Let $X$ be a complex manifold of dimension $M$ and let $\omega $ be a $(n-p,n-q)$-differential form such that in each chart it is represented by locally integrable functions. A standard example of current on $X$ (see for example De Rham - Differential manifolds, Chap. III example 2) is the following:
$$[\omega]:\alpha \mapsto\int_X \alpha\wedge\omega$$
where $\alpha$ is a $C^\infty$ $(p,q)$-form and $\alpha\wedge\omega$ is a locally integrable $(n,n)$-form.


*

*Who ensures that $\alpha\wedge\omega$ is integrable? Usually the integral is defined for smooth differential forms on oriented manifolds (see for example Lee's book). About this point I'm quite sure the answer will be: "integration can be extended to locally integrable forms", I just wanted  to check.
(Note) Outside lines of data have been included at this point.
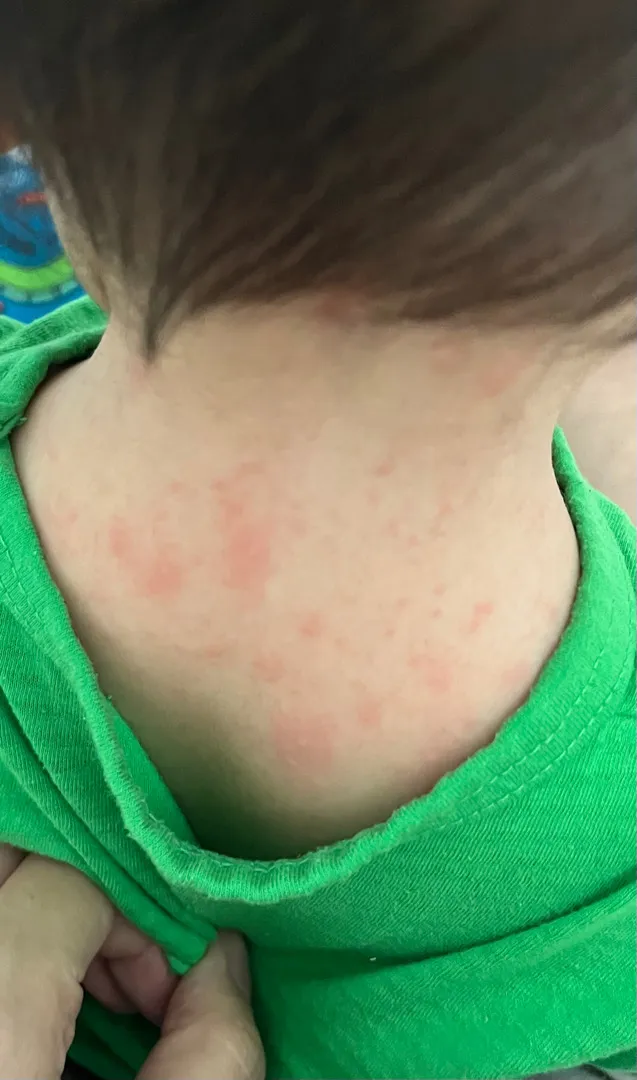 아기 두드러기 땀띠??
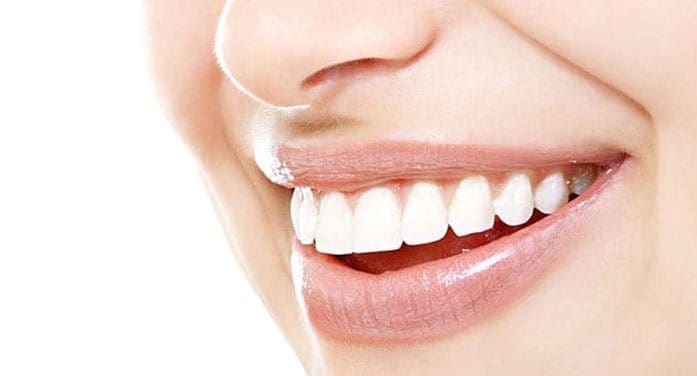 White teeth smile Orthodontics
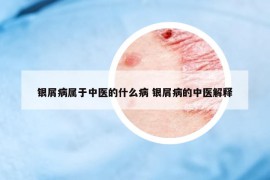 银屑病属于中医的什么病 银屑病的中医解释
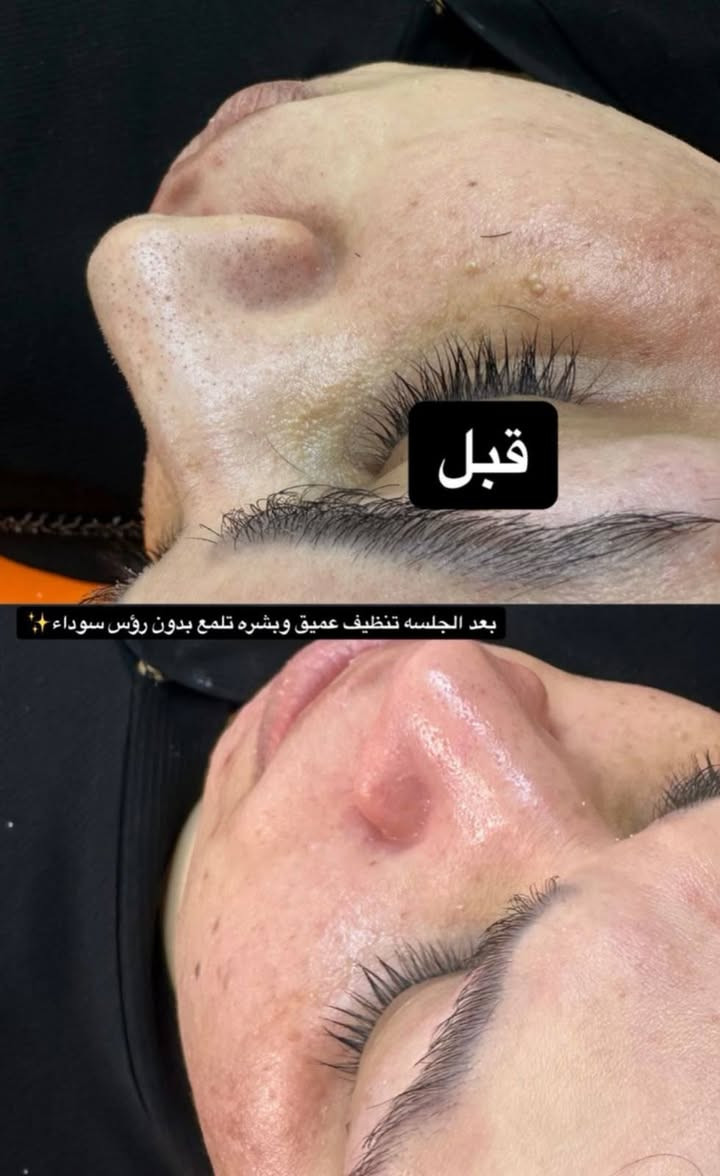 ✨ نضارة بشرتك بتبدأ من التنظيف العميق! ✨
بشرتك بتستحق عناية حقيقية مو بس شكلية. التنظيف العميق مو رفاهية، هو أساس لأي روتين عناية ناجح 
جلسة تنظيف البشره
✔️ تتخلصي من الأوساخ والرواسب
✔️ تحصلي على ترطيب عميق
✔️ تفتحي المسام وتخلي البشرة تتنفس
✔️ تسترجعي إشراقة ونضارة طبيعية

دلّلي نفسج بجلسة تنظيف بشرة مميزة، لأن بشرتك مرآتك.p

نص مكتوب في الصور:
- نظافه البشره يمي غير ✨🔥
- قبل
- بعد الجلسه تنظيف عميق وبشره تلمع بدون رؤس سوداء ✨
- لوله
- بيوتي لوله
- تجديد خلايه بشره نظيفه بدون رؤس وتلمع من النظافه 🔥 ✨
*Consider $n=1$, $p=0$, $q=0$ and let'es examine the example of the question linked above:
$$\omega=\partial\bar\partial\log|f|$$
where $f$ is a meromorphic function on the Riemann surface $X$. Then the current $[\omega]$ is


$$[\omega]:g \mapsto\int_X g\omega$$
for any $C^\infty$ function $g$. Here the problem: note that $\omega$ is $0$ almost everywhere, in particular $\omega$ is supported in the set of zeroes and poles of $f$ i.e. in a finite set! Why is the integral $\int_X g\omega$ different from $0$? It seems almost obvious to deduce that the integral of a differential form supported in a finite set is $0$ because of the properties of the Riemann integral in $\mathbb R^n$. I've been thinking to this fact all the day but without any solution.
 A: Concerning the first bullet point: Yes, integration can be extended to non-smooth forms. Locally integrable isn't quite sufficient, unless the manifold is compact. In your setting, one would typically require that $\alpha$ has compact support. Then $\alpha \wedge \omega$ is a locally integrable form with compact support, and hence integrable. One can also require fast enough decay for $\alpha$ and impose growth conditions for $\omega$ - think e.g. of of the Schwartz space of rapidly decreasing functions and its dual, the space of tempered distributions; not every locally integrable function defines a tempered distribution, it mustn't grow too rapidly at $\infty$.
Concerning the second bullet point, we interpret $\log \lvert f\rvert$ as a current, and hence don't consider the classical derivative where it exists, but the distributional derivative (I'm not sure whether there's a different term in the context of currents, but the idea is the same as with distributions and test functions). Thus when you integrate, you shift the differentiations over to $g$ via integration by parts. Evaluating such an integral then shows that $[\omega]$ is some linear combination of evaluation at the zeros and poles of $f$ (the coefficients depending on the order of the respective zeros and poles).